Lives of the fellows

Geoffrey Herbert Thornley Lloyd

b.6 May 1919 d.30 September 1981
MRCS LRCP(1942) MB BS Lond(1942) MRCP(1948) MD(1949) FRCP(1971)

Geoffrey Lloyd, consultant physician to the Clwyd North Hospitals, died prematurely after a very short illness.

He was born at Newport, Gwent, and educated at Bryntirion School, Bridgend, and later entered Wycliffe College, Gloucestershire, after gaining an entrance scholarship. His undergraduate medical training was at Guy’s Hospital, and he qualified in 1942. His academic distinctions as a student included the Edgecombe prize in junior science, the Wooldridge prize in physiology, the Michael Harris prize in anatomy and the junior proficiency prize - all at Guy’s hospital.

He held junior medical posts as house physician to Sir John Conybeare and to Sir Charles Symonds at Guy’s, and he also worked in Sir John McNee’s department in Glasgow. He was subsequently assistant registrar to the department of neurology at Guy’s, and registrar at Queen Square and senior registrar in neurology in the Cardiff Royal Infirmary. He served in the RAMC from 1942 to 1946, and this included two years as regimental medical officer in North West Europe. He was appointed consultant physician to the then Clwyd and Deeside Hospitals in January 1953, and continued in this post until his death. He was also consultant neurologist to the Wrexham Group of Hospitals, and his opinion was widely sought on neurological problems throughout North Wales.
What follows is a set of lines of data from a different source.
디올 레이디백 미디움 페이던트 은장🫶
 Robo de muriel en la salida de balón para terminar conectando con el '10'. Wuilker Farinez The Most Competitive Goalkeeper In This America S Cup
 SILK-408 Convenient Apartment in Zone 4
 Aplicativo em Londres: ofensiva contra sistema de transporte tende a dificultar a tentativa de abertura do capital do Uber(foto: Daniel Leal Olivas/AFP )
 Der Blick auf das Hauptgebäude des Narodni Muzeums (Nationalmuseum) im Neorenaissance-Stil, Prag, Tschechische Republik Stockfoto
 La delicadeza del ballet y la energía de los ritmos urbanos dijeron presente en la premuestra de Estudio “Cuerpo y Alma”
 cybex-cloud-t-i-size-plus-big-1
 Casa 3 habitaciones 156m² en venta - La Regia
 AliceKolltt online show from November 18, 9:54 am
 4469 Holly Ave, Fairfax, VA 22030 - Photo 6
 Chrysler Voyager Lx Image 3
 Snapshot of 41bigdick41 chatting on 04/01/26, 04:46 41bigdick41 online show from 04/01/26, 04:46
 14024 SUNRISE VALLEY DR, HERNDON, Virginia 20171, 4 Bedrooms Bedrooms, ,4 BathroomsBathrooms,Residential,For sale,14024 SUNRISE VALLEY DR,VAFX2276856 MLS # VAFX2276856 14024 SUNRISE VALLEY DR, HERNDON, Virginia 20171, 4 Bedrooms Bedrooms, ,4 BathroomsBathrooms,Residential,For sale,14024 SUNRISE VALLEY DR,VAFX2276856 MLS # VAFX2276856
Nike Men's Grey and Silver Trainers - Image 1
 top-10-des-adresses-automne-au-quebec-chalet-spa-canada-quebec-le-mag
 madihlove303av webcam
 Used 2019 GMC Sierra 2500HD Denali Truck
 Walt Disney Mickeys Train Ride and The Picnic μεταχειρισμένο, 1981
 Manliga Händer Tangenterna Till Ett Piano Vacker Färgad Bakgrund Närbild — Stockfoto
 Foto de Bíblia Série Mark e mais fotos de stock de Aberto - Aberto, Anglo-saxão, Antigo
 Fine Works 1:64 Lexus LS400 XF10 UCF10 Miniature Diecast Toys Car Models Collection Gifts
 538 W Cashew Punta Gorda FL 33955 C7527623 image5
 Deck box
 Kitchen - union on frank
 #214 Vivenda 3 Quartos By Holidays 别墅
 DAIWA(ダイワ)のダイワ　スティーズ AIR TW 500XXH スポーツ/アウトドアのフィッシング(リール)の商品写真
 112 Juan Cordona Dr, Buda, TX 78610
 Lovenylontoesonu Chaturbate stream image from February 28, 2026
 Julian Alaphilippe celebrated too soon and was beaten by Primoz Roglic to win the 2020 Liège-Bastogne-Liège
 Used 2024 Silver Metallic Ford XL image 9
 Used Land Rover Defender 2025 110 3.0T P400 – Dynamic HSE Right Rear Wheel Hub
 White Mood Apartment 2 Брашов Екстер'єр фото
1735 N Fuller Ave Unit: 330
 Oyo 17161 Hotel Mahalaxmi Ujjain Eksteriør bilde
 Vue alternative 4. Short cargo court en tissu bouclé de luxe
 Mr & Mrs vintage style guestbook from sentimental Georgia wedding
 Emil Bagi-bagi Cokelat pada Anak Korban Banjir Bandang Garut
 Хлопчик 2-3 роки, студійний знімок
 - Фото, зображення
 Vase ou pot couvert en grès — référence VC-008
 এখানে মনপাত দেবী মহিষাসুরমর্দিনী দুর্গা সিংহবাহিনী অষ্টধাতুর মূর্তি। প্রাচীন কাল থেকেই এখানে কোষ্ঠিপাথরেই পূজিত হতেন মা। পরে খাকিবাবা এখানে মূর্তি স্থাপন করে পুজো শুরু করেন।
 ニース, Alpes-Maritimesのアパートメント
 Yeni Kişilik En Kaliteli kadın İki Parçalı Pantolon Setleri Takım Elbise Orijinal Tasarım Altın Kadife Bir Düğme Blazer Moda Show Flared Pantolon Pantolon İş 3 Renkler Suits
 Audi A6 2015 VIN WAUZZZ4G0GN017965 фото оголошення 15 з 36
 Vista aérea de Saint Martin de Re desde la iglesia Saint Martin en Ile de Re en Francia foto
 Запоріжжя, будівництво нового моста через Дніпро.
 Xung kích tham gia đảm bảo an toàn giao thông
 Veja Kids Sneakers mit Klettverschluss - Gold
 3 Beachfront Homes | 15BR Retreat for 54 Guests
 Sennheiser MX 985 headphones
He had a particular interest in, and aptitude for, teaching and from the early days of the formation of the medical postgraduate centre at Rhyl he was one of the most enthusiastic and conscientious supporters of its activities. He took his full share of medical administrative duties, and had served in the past as chairman of the North Clwyd medical staff committee, and at the time of his death was the chairman of the medical division - a post which he held for several years. He also served as a member of the pre-registration committee of the Welsh National School of Medicine.

He was, in his limited leisure time, a keen gardener, hill-walker and car enthusiast. He was an excellent host, and he and his wife generously entertained a large circle of friends at their home in Colwyn Bay.

Geoffrey was essentially a kindly, gentle and courteous man -never ruffled in his dealings with patients, staff or colleagues. He was survived by his wife Isobel (who was a constant support and help to him in his chosen career), his daughter Jane, son Christopher and grand-daughter Katie.

DE Meredith

[, 1981, 284, 1182; Lancet, 1981, 2, 942]

(Volume VII, page 341)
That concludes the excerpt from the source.